▶ [PROBLEM DESCRIPTION]:
Look through the listing for the word "with". Copy each line that has it.
[DATA TO PROCESS Boundary: Start]
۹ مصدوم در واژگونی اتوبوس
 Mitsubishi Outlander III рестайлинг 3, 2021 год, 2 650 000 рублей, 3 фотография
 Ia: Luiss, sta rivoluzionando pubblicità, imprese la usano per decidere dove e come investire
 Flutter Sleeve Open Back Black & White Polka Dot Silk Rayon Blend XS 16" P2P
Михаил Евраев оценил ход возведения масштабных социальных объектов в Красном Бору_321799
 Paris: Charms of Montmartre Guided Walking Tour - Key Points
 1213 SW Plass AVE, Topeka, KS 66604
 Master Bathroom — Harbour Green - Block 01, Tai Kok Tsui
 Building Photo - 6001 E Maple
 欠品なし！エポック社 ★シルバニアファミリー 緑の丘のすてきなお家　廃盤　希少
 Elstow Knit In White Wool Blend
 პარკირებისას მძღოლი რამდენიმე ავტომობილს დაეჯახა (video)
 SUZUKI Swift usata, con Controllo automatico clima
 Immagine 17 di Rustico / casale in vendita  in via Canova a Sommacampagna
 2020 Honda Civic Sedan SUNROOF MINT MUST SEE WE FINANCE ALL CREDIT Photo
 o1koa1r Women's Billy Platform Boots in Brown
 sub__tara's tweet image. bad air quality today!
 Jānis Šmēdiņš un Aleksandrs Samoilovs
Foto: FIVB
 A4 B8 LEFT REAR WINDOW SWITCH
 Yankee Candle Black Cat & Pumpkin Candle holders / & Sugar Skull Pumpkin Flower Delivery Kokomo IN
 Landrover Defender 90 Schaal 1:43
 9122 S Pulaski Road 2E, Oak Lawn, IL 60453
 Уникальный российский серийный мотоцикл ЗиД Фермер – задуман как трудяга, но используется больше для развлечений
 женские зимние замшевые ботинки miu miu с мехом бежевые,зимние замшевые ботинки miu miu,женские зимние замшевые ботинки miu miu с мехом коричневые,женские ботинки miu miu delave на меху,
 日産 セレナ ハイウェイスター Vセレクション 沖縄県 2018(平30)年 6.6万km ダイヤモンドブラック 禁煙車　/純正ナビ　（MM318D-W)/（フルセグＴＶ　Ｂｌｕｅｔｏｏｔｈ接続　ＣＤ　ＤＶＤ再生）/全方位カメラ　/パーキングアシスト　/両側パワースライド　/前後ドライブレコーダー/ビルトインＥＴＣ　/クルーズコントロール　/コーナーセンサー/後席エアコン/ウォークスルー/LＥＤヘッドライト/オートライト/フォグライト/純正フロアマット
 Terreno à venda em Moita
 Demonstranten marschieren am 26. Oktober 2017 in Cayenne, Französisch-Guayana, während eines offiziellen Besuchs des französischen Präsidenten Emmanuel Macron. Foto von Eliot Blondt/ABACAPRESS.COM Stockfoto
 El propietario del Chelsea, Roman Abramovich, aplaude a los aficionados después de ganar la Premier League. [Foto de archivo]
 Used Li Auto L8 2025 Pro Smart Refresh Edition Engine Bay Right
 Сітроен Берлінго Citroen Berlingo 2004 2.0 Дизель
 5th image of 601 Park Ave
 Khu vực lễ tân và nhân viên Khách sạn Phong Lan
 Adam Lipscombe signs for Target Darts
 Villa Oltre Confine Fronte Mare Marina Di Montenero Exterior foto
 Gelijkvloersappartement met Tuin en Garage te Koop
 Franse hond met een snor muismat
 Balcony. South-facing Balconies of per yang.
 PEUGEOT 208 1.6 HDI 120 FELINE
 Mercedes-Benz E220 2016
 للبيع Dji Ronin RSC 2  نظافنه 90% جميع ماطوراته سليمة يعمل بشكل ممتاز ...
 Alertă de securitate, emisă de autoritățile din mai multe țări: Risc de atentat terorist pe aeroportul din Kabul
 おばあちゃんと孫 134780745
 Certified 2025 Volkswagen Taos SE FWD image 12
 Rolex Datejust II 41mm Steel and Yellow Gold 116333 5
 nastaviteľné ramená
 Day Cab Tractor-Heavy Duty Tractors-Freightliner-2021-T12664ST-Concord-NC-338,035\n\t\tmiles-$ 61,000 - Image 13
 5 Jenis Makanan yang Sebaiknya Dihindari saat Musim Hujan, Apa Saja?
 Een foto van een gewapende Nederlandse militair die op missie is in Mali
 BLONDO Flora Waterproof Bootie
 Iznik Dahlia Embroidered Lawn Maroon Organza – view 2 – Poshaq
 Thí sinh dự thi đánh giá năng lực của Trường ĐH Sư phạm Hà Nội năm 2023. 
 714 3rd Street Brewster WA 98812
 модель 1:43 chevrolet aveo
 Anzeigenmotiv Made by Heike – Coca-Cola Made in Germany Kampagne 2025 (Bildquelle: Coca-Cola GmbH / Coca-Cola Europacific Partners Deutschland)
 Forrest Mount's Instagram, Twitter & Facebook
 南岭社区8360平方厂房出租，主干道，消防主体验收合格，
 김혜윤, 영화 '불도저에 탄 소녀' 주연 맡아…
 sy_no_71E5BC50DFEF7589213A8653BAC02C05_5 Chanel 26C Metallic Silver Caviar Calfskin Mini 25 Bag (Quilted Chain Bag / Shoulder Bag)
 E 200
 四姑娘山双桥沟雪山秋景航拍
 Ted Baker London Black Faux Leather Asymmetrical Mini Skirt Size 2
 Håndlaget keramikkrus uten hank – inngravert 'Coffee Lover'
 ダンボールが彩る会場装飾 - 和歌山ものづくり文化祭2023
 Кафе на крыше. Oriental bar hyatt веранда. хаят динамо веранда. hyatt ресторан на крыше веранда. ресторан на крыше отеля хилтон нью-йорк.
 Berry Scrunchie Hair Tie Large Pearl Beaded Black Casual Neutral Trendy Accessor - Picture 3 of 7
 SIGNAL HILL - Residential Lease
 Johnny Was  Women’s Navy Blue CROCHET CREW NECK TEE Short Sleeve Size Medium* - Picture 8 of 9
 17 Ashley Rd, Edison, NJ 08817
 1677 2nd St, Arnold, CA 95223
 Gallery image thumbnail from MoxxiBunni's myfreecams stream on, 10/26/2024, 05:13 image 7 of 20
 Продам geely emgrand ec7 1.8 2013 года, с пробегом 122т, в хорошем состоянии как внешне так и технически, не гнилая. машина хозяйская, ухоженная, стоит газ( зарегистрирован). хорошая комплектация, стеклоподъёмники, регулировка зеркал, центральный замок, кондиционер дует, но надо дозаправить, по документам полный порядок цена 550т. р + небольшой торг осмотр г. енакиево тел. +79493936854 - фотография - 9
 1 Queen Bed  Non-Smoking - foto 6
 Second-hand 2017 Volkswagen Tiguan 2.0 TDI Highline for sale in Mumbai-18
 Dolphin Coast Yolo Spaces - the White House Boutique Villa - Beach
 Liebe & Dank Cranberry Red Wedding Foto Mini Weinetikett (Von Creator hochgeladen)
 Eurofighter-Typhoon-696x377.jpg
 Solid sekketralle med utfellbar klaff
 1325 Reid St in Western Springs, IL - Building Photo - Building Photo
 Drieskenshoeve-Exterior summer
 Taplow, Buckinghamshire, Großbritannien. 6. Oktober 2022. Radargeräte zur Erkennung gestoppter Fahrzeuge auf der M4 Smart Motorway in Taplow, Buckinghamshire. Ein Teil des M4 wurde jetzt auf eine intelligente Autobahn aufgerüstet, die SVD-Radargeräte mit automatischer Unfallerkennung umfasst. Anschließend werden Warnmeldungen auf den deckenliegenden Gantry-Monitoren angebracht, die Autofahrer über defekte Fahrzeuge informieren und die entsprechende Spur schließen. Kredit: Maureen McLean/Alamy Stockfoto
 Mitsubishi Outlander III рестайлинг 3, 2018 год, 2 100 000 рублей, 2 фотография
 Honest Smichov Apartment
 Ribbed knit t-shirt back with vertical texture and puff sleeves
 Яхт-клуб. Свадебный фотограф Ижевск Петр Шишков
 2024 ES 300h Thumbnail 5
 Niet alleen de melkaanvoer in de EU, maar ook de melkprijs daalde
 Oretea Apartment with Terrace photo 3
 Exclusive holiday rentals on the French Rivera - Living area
[DATA TO PROCESS Boundary: End]
▶ [OUTPUT OF THE EXERCISE]:
 Ribbed knit t-shirt back with vertical texture and puff sleeves
 Oretea Apartment with Terrace photo 3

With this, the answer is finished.